Combatting the Opioid Epidemic With Improved Documentation
On average, 115 Americans die every day from an opioid overdose. Since 1999, deaths from prescription opioids such as oxycodone, hydrocodone, and methadone have more than quadrupled.
Coded data is what drives these and many other statistics that help healthcare providers, researchers, and others understand the opioid epidemic and how to address it, says Jaci Kipreos, CPC, CPMA, CPC-H, CPC-I, president of Practice Integrity, LLC. “The easiest way to obtain global information is through claims and coded data,” she says. “That’s what codes have always been about—a way to capture information very easily. So, the emphasis becomes coding it correctly.”
Reporting opioid-related disorders can also help physicians boost payments under the Merit-based Incentive Payment System (MIPS). That’s because reporting these disorders, when appropriate, paints the picture for why costs may exceed the anticipated amount per beneficiary. For example, patients who are addicted to opioids may be more likely to require emergency room visits, drug rehab or hospitalizations. In 2018, the Centers for Medicare & Medicaid Services (CMS) will use cost data to determine payment adjustments. The cost category will be weighted at 10% of a clinician’s final score under MIPS for the 2018 performance period and 30% for the 2019 performance period and beyond.

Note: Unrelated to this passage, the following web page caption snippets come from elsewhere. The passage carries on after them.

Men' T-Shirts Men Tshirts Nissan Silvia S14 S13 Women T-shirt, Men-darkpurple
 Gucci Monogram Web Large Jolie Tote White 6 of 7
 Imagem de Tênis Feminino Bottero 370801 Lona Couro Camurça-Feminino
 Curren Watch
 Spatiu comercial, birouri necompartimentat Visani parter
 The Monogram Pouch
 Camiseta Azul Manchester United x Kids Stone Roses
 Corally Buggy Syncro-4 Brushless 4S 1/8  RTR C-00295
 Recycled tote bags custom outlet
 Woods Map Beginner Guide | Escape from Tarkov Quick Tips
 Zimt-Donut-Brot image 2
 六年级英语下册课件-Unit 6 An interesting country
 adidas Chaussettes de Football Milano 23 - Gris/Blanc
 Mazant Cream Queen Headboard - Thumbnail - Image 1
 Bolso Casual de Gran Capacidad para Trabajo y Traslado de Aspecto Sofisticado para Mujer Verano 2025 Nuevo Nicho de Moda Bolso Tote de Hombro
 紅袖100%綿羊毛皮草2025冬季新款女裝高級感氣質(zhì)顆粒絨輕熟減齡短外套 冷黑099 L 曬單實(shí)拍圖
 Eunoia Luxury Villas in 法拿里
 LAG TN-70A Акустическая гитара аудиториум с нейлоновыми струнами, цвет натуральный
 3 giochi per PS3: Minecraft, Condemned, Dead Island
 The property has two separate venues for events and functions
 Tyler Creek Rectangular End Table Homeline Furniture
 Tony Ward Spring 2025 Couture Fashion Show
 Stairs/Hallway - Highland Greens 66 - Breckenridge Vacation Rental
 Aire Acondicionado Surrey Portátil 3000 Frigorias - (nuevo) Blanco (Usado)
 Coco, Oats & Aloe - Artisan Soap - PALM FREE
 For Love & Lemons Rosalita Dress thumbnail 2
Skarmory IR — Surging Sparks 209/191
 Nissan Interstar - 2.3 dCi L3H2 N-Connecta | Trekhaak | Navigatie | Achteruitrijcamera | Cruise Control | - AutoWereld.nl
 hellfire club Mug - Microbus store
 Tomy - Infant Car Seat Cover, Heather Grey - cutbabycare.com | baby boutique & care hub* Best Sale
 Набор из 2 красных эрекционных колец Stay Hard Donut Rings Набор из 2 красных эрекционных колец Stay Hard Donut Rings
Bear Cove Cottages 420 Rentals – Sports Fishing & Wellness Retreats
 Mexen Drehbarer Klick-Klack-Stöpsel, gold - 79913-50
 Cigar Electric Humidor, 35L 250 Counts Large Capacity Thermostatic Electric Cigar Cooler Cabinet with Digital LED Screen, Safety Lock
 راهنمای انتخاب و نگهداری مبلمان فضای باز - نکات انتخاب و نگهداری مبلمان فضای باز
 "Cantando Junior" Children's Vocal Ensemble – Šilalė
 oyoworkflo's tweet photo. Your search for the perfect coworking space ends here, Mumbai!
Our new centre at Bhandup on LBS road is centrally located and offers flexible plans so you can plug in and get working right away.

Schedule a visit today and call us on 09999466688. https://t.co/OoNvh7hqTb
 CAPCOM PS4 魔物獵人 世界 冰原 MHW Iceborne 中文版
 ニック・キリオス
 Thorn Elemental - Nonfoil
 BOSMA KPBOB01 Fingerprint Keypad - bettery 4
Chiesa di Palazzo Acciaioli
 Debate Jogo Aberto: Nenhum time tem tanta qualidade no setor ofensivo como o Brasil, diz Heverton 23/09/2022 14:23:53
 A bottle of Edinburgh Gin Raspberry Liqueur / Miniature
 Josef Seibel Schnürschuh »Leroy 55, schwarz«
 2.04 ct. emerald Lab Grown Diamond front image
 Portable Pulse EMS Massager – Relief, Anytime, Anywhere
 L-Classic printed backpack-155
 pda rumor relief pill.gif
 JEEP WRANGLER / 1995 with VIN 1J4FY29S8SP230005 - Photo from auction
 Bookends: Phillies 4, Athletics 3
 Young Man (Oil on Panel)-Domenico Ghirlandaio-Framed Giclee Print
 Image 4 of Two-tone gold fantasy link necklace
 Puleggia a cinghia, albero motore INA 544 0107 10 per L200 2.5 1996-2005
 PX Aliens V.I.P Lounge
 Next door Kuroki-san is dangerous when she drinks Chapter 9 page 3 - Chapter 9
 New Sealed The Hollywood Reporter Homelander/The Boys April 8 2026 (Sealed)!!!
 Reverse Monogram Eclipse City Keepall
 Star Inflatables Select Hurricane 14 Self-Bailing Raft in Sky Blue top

Physicians who keep close tabs on patients for whom they prescribe opioid medication may also be able to boost payment under MIPS. They can do so by reporting the following quality measures for patients ages 18 and older who are prescribed opioids for longer than six weeks:
- Documentation of signed opioid treatment agreement
- Evaluation (using a brief validated instrument [e.g., Opioid Risk Tool or SOAPP-R]) or interview for risk of opioid misuse
- Opioid therapy follow-up evaluation at least every three months during opioid therapy
From a clinical standpoint, patients with an addiction to opioids may be good candidates for psychiatric collaborative care (CPT codes 99492-99494), a payable service for working with a psychiatric consultant and behavioral healthcare manager to co-manage patients with behavioral health disorders, says Kipreos. The physician bills Medicare monthly when the care team delivers services that meet or exceed a time threshold defined under the billing code. The physician then pays the behavioral healthcare manager and psychiatric consultant directly.
Four Tips to Document and Code Opioid-related Disorders
Kipreos offers these tips to promote accurate data capture:
1. Distinguish between use, abuse, and dependence.
In the absence of universal definitions for each of these terms, practices should take the time to agree on how they’ll use the verbiage consistently, says Kipreos. For example, physicians will document ‘use’ when patients take prescribed medication correctly, ‘dependence’ when patients can’t function properly without taking the medication, and ‘abuse’ when their use of the medication results in harm to themselves or others.
These definitions can apply to opioids as well as other drugs, such as tobacco and alcohol, says Kipreos. Ensuring that all physicians understand how to use these terms will support compliant and consistent billing, she adds.
2. Specify other complications.
This includes the following:
- In remission
- With intoxication (uncomplicated, intoxication delirium, or perceptual disturbance)
- With opioid-induced mood disorder
- With opioid-induced psychotic disorder (delusions or hallucinations)
- With other opioid-induced disorder (sexual dysfunction or sleep disorder)
- With withdrawal
“We have a lot of ways to describe these patients if that’s truly what’s happening,” says Kipreos.
3. Document other symptoms, co-morbidities.
Examples include respiratory failure, chronic obstructive pulmonary disease, heart disease, depression, and anxiety.
“It behooves providers to code for all of these additional co-morbidities so we can start to see trends in terms of what types of patients may be more susceptible to addiction,” says Kipreos. It’s about fostering population health management—that is, understanding why patients become addicted and what physicians can do prevent that from happening, she adds.
4. Validate coded data before submission.
Patients who use opioids can become dependent or abuse the drug at any time, says Kipreos. “Thus, the code may change every encounter as the patient either improves or worsens,” she says. Ensuring data integrity is paramount due to the sensitive nature of the problem, she adds.